Pim dépeint Roth comme un pessimiste romantique assailli par la calamité. Étudiant en philosophie et littérature dans la Vienne des années 20, il avait l’air d’un métropolitain dandifié. Mais Roth a commencé à boire beaucoup et bientôt l’alcool était la malédiction de sa vie. Cela a provoqué des accès d’apitoiement larmoyant sur lui-même (ses nombreuses lettres à Zweig sont inondées de références au calvados) et a interféré avec son mariage avec le sosie de Louise Brooks, Friedl Reichler. (Plus tard diagnostiquée schizophrène, Reichler a été envoyée dans un asile à l’extérieur de Vienne, où les nazis l’ont assassinée dans l’intérêt de l’eugénisme.) Tout en travaillant comme journaliste, Roth a vécu avec elle dans un appartement loué à Berlin pendant 10 ans jusqu’en 1933. Il était, dit son traducteur de langue anglaise Michael Hofmann, un « journaliste toute sa vie » ; ainsi que 17 romans et nouvelles (Emploi, La légende du saint buveur, Zipper et son père), Roth a écrit d’innombrables articles sur des sujets allant des hôtels parisiens aux dictateurs en fer blanc des Balkans en passant par les cicatrices des duels prussiens.

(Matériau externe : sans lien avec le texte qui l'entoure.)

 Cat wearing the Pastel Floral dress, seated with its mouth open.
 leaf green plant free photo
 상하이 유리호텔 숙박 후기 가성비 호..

Comme son contemporain Thomas Mann, Roth a fui l’Allemagne au moment où Hitler est arrivé au pouvoir – et n’est jamais revenu. Derrière les clubs de jazz et de cabaret décadents de Berlin, il ne décelait qu’une obscurité proliférante. Dans son journal bordé de Paris, il contemple le «fureur teutonique » qui avait embrasé symboliquement la civilisation juive allemande dans les bûchers hitlériens des livres. L’extrémisme politique de toute sorte – qu’il soit allemand nazi ou communiste soviétique – lui était devenu odieux. « Il est tard, tout est si tard », écrivit-il à Zweig en 1935. La relation tourmentée de Roth avec son judaïsme (parfois il dédaignait les Juifs de l’Est comme « arriérés ») n’était pas partagée par Zweig confortablement assimilé. Mais beaucoup d’autres aspects de l’admiration mutuelle des écrivains et de la rancune occasionnelle mal dissimulée (« J’espère que vous vous êtes calmé », Zweig reprochait généralement le Roth souvent grossier et excoriant) découlaient de leur dégoût partagé pour la dictature politique et de la nécessité de survivre à Hitler. guerre contre les Juifs d’Europe. Roth ne s’est jamais fait d’illusions. « Les barbares ont pris le pouvoir. Ne vous y trompez pas », a-t-il informé Zweig (qui, affreusement, s’est suicidé avec sa femme, Lotte, au Brésil en 1942).
Un mécontent féroce pendant une grande partie de sa brève vie, Roth s’est autodétruit en roue libre à l’aide de brandy et de Pernod. Il était un handicap pour quiconque se souciait de lui ; son écriture était tout ce qui l’intéressait. L’alcool était peut-être un baume pour la blessure qu’il avait subie à l’adolescence en Ukraine lorsque son père, Nachum, est décédé avant l’âge, apparemment « fou ». Pourtant, malgré toute sa dissipation faustienne, Roth a réussi à écrire une quantité extraordinaire, et aujourd’hui il est reconnu comme un auteur « canonique » de langue allemande dont la réputation repose sur une poignée de romans et de recueils d’essais qui, pour leur exploration de l’exil et du déracinement, continuer à captiver. Toujours bien écrit et informatif, Vol sans fin est un grand hommage à l’un des génies littéraires les plus déconcertants du XXe siècle.